L’Ouest est le nom d’un sujet qui se rassemble dans un discours mais c’est aussi un objet constitué discursivement ; c’est, de façon évidente, un nom qui s’associe toujours à ces régions, ces communautés et ces peuples qui paraissent politiquement ou économiquement supérieurs aux autres régions, aux autres communautés et aux autres peuples. Fondamentalement, c’est exactement comme le mot « Japon », […] il prétend être capable de soutenir, sinon de véritablement transcender, une impulsion à transcender toutes les particularisations.
Naoki Sakai
Quarante ans plus tard, le discours radical de Baldwin saisit notre présent par une double question : De quelle histoire sommes-nous fait ensemble ? Et dans quelle mesure cette histoire fait droit à la mémoire historique et culturelle des communautés et peuples historiquement colonisés ou actuellement oppressés ? Ce principe de l’inégalité des vies, ou de double standard de l’humanisme, qui nous aura sauté aux yeux dans la situation génocidaire en Palestine, ne date pas d’hier. Mais c’est désormais dans la communication en temps réel que la falsification de l’histoire s’effectue, avec d’autant plus de fluidité que sa matérialité, sa trame historique est mince voire oubliée. Oublier Camus nous montre que l’on peut lire autrement Albert Camus, sans doute tel qu’on peut le lire ailleurs. En restituant l’histoire du champ de bataille politique de l’époque, la dynamique sensible de son écriture à l’œuvre, il démythifie le personnage devenu une sorte de couteau suisse de la politique française. Il nous reste un homme blanc et un brilliant écrivain, en prise avec l’amour d’une patrie qui était une colonisation de peuplement. Sa réception et certaines interprétations consensuelles qui la soutiennent, nous renseignent sur la culture néocoloniale française. Nous aurons besoin de votre aide pour accueillir Olivier Gloag au Japon. En vous remerciant
[1] Rapport annuel, 2024, source : Stockholm International Peace Research Institute
[2] Français d’origine européenne nés en Algérie coloniale et y habitant. Cf. Pierre Nora, Les Français d’Algérie, Paris, Christian Bourgois éditeur, rééd. 2006.

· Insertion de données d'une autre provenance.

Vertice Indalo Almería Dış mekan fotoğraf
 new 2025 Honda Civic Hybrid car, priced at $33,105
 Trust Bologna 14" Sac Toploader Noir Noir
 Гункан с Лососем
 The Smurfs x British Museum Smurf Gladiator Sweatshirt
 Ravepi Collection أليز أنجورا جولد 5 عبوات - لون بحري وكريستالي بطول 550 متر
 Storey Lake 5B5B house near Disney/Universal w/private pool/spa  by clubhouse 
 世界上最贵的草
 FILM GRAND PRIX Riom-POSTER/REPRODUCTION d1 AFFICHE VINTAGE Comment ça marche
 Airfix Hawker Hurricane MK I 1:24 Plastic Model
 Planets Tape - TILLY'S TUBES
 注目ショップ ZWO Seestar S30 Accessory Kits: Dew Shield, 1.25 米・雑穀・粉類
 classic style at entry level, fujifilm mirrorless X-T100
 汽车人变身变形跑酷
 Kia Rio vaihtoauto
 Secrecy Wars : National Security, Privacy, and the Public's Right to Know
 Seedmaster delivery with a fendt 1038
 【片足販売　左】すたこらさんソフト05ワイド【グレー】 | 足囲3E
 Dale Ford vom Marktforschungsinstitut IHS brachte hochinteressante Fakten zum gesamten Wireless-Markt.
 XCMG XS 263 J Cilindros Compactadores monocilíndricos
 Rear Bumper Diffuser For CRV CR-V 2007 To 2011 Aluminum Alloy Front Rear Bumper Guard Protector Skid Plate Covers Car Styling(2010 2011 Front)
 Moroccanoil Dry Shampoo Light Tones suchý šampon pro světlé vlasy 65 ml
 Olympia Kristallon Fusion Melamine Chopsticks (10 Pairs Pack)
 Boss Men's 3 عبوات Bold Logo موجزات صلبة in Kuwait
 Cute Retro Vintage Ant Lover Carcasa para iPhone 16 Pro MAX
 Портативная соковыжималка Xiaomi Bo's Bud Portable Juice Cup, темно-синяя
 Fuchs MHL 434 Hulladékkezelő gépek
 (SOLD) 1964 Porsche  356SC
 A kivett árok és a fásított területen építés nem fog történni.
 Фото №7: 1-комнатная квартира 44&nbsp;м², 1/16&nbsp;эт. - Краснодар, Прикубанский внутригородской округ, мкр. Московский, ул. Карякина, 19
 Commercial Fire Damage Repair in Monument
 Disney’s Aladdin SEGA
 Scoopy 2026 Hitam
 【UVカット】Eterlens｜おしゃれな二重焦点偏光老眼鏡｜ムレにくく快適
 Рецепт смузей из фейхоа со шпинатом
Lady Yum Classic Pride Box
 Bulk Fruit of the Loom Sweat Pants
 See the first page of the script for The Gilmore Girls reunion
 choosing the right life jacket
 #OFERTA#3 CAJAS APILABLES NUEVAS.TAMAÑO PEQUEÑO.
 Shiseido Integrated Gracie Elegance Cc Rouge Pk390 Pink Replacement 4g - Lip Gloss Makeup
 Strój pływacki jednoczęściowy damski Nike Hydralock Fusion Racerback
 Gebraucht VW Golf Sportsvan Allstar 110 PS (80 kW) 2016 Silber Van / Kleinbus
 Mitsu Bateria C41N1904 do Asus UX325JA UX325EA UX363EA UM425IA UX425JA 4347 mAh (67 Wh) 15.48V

[3] Front de libération nationale (arabe : جبهة التحرير الوطني) Parti du Front de libération nationale (PFLN), est un parti politique algérien créé en octobre 1954 pour obtenir de la France l’indépendance de l’Algérie, alors divisée en départements. Le FLN et sa branche armée, l’Armée de libération nationale (ALN), commencent alors une lutte contre l’empire colonial français.
[4] Fellaga ou fellagha (arabe : الفلاقة) est un terme utilisé pour désigner un combattant algérien, marocain ou tunisien, entré en lutte pour l’indépendance de son pays entre 1952 et 1962, qui faisait alors partie intégrante du territoire français ou d’un protectorat. (Source Wikipédia.fr)
[5] Ce régime discriminatoire sanctionné par l’État français, appelé code de l’indigénat, est un régime pénal administratif spécial réservé à une partie des sujets indigènes des territoires coloniaux de la France aux XIXe et XXe siècles. Pour une étude du système de domination raciale européenne, Le contrat racial par Charles W. Mills, traduit par Aly Ndiaye, Montréal, Mémoire d’encrier, 2023 (1997, The Racial Contract)
[6] Cf. Essai de Provence XVI 〈私〉の源の他人 Les autres à l’origine du Moi 潮流詩派 Revue Choryu Shiha n280
[7] Olivier Gloag, auteur franco-américain et Associate Professor à l’université de Caroline du Nord (UNC). Ses recherches portent notamment sur les représentations coloniales dans la littérature hexagonale, l’histoire culturelle et littéraire de la France au xxe siècle. Il est l’auteur de Albert Camus, A Very Short introduction, Oxford university press, 2020.
[8] Le terme arabe « Nakba » (en arabe : نَكْبَة) signifie « catastrophe » ou « désastre ». De nos jours, il désigne généralement l’exode palestinien de 1948, soit la fuite ou l’exil forcé de 750 000 habitants de la Palestine mandataire qui se produit avant et pendant la guerre israélo-arabe de 1948. En Israël, l’utilisation du terme est interdite dans les manuels scolaires depuis 2009. (Source Wikipédia.fr)
[9] Cf. Le nettoyage ethnique en Palestine d’Ilan Pape et Comment le peuple juif fut inventé de Shlomo Sand.
[10] Cf. Dipesh Chakrabarty, historien indien, Provincializing Europe : Postcolonial Thought and Historical Difference (2000), Provincialiser l’Europe : la pensée postcoloniale et la différence historique, Paris, Amsterdam, 2009.